Recensione – “Gaslighter” – Anthia

Gaslighter – il progressive metal degli Anthia, epico e mentale.

Herman Rigmant, in arte Anthia, dal nome di un coleottero predatore del deserto, è un cantante chitarrista che ha esordito negli anni 90 con la death metal band lettone Neglected Fields. Con questa band ha avuto contratti discografici con etichette come Eldethorn UK , Scarlet, e Pony Canion , nonché ha aperto concerti di band come Cannibal Corpse, Napalm Death, Dimmu Borgir, Destruction, Therion.

Dopo aver lasciato la band nel 2002 è diventato produttore, manager e chitarrista della cantante gothic Vic Anselmo, pubblicando con lei 2 album e girando l’Europa e la Cina e partecipando ad eventi goth come WGT, Amphi Festival, Castle Fest, Mera Luna. Nel 2013 Herman si è trasferito a Krefeld (Germania) dove ha lavorato come sound guy nei City Teather e scrive anche musiche per diverse produzioni teatrali. Alla fine del 2019 ha deciso di fondare gli Anthia, assieme a Sergey Serg Baidikov (voce) e Sergey Serhio Karshev (basso).

Qui parliamo dell’album di esordio, Gaslighter. Il disco è uno splendido concentrato di metal progressivo, death ed una vasta serie di molteplici elementi, tutto condito da una tendenza apocalittica, acuita dalla perdita di certezza davanti alla pandemia da Covid 19. Ma andiamo con ordine.

Dopo il breve intro industriale Infancy, in crescendo, Gaslighter ci travolge con i suoi tempi irregolari, con la sua mistura di death metal melodico, progressive epico e tecnica sopraffina. Il riff di chitarra ha un colore anni 80, ma la buona dose di tecnica forza il suono in una direzione epica. I Dark Tranquillity, i Death sono qui ancora più progressivi. Molto interessante l’uso del doppio pedale da parte del batterista.

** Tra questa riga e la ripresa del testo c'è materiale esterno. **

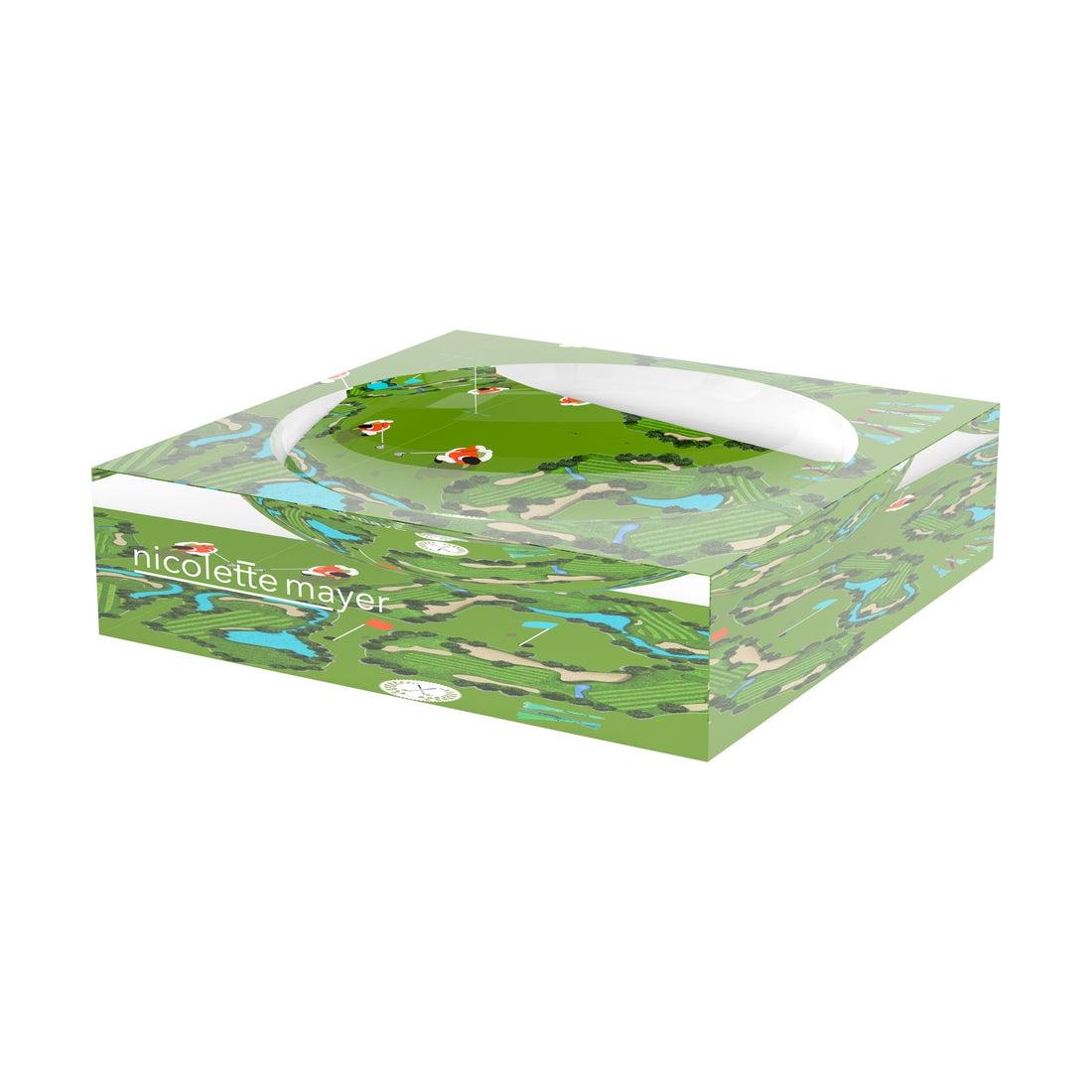 Par Tee Orange Acrylic Candy Catchall Dish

Flabbergast è un brano molto ritmato, che fin dall’inizio propone synth granitici e sinfonici. Il riff di chitarra è, in varie parti, molto serrato e rapido, ma conduce alle sezioni larghe e sinfoniche. È strabiliante notare come la frammentarietà di alcune sezioni sia qui legata in un affresco perfetto. Anthia nell’intro ricorda gli Anathema, ma basta poco (un crescendo vorticoso di archi, con “urlo” di chitarra con floyd rose) per andare verso un riff serrato accompagnato da una splendida batteria. Qui colpisce la ricerca di una dimensione epica, più che progressiva. La sezione melodica iniziale ritorna verso il finale e conduce ad una splendida sezione irregolare e ritmata.

The Origin of Species si apre con dei synth squillanti sui quali echeggiano accordi di chitarra elettrica sospesi. La cura del suono qui raggiunge delle vette estreme, la strofa è irregolare e ritmata. Nel brano sono presenti delle bellissime sezioni affidate unicamente a synth e batteria. Il riff iniziale di Chairborne non è assolutamente un riff metal e ciò dà perfettamente l’idea dell’approccio progressivo di questa grande band. Su tale riff si innesta una batteria martellante, che qui suona più compatta e pomposa rispetto al solito. Anche in questo brano è presente una buona alternanza di parti “serrate” e parti “ariose”.

L’intro di Samedi ci porta verso paesi mediorientali arcani e misteriosi. Il folklore iniziale vira verso una direzione epica, e a metà brano possiamo ascoltare uno strumento inaspettato, ovvero un pianoforte.

Anche Procrastination all’ inizio non sembra un brano metal: si tratta del brano più “regolare” dell’album (se è lecito utilizzare tale termine in riferimento ad una materia così complessa). Exaltation è trash-death allo stato puro. Belli gli inserti corali. Prayer è un gran finale, brano lento e massiccio, pieno di sezioni apocalittiche e frammentarie, con innesti di parlato (affidato a voce femminile), urla di floyd rose, assolti vorticosi.

Il progressive metal degli Anthia è tanto epico quanto mentale. Questa band prova a comunicare l’incomunicabile e riesce nell’impresa. Dopo aver ascoltato il disco, ciò che rimane è un meraviglioso affresco di suoni, influenze e frammenti orchestrati a perfezioni. La band è sulla strada giusta, sulla via dell’originalità e della grande musica.